Distributed Processing

If you have a very complex job, or you are processing a very large data set such as one containing millions of records, you may be able to improve flow performance by distributing the processing of the flow to multiple instances of the Spectrum Technology Platform server on one or more physical servers.

The most scalable solution for distributed processing is to install Spectrum Technology Platform in a cluster. See the Installation Guide for instructions on installing and configuring a cluster.
Note: While it is also possible to use distributed processing on a single Spectrum Technology Platform server, the following information describes using distributed processing in a cluster. If you are using a single server, distributed subflow processing is broken up into microbatches and processed by the one server instead of by the cluster.

Once your clustered environment is set up, you can build distributed processing into a flow by creating subflows for the parts of the flow that you want to distributed to multiple servers.
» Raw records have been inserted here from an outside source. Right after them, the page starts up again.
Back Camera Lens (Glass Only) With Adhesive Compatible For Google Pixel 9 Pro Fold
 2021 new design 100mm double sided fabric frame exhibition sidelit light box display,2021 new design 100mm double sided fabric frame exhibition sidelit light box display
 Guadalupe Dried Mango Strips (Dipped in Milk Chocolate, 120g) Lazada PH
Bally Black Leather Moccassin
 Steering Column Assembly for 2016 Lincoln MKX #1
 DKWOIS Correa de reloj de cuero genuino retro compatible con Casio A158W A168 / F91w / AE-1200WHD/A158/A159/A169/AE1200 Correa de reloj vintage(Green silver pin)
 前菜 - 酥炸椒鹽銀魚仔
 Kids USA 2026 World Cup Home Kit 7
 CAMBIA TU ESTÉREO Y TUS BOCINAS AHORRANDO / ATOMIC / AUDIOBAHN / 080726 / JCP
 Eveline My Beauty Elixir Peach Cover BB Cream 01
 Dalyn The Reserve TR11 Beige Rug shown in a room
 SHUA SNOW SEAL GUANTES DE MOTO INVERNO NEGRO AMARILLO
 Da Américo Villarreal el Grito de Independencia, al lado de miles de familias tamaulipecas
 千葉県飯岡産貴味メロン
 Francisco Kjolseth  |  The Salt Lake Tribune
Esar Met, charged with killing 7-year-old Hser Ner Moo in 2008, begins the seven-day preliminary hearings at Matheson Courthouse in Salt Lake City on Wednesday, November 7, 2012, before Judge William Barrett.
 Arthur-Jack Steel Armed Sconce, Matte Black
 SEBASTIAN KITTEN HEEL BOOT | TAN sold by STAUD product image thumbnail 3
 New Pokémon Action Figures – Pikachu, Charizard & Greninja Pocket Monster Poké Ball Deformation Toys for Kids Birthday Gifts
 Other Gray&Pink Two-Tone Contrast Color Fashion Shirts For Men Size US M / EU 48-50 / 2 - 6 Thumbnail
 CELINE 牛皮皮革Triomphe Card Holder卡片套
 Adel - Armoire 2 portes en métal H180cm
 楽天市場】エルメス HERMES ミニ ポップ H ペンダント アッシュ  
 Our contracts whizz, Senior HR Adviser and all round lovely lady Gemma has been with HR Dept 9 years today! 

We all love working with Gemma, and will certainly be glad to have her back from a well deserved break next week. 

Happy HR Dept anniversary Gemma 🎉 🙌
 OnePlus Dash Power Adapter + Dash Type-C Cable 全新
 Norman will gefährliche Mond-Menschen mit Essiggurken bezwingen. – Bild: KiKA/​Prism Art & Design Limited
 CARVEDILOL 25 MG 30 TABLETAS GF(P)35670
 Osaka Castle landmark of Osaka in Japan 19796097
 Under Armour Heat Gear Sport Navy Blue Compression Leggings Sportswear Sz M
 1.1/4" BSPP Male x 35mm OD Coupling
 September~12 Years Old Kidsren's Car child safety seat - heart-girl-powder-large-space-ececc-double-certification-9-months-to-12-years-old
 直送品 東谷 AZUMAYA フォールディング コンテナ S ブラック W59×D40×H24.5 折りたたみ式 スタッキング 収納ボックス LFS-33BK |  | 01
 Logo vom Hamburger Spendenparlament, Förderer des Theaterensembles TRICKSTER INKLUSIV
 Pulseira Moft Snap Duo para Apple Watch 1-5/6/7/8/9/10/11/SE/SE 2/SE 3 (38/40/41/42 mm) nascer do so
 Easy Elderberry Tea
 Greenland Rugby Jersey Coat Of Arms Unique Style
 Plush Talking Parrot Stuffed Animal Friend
Spectrum Technology Platform manages the distribution of processing automatically after you specify just a few configuration options for the subflow.

Distributed processing looks like this:



As records are read into the subflow, the data is grouped into batches. These batches are then written to the cluster and automatically distributed to the a node in the cluster which processes the batch. This processing is called a microflow. A subflow may be configured to allow multiple microflows to be processed simultaneously, potentially improving performance of the flow. When the distributed instance is finished processing a microflow, it sends the output back into the parent flow.

The more Spectrum Technology Platform nodes you have the more microflows can be processed simultaneously, allowing you to scale your environment as needed to obtain the performance you require.

Once set up, a clustered environment is easy to maintain since all nodes in the cluster automatically synchronize their configuration, which means the settings you apply through Spectrum Management Console and the flows you design in Spectrum Enterprise Designer are available to all instances automatically.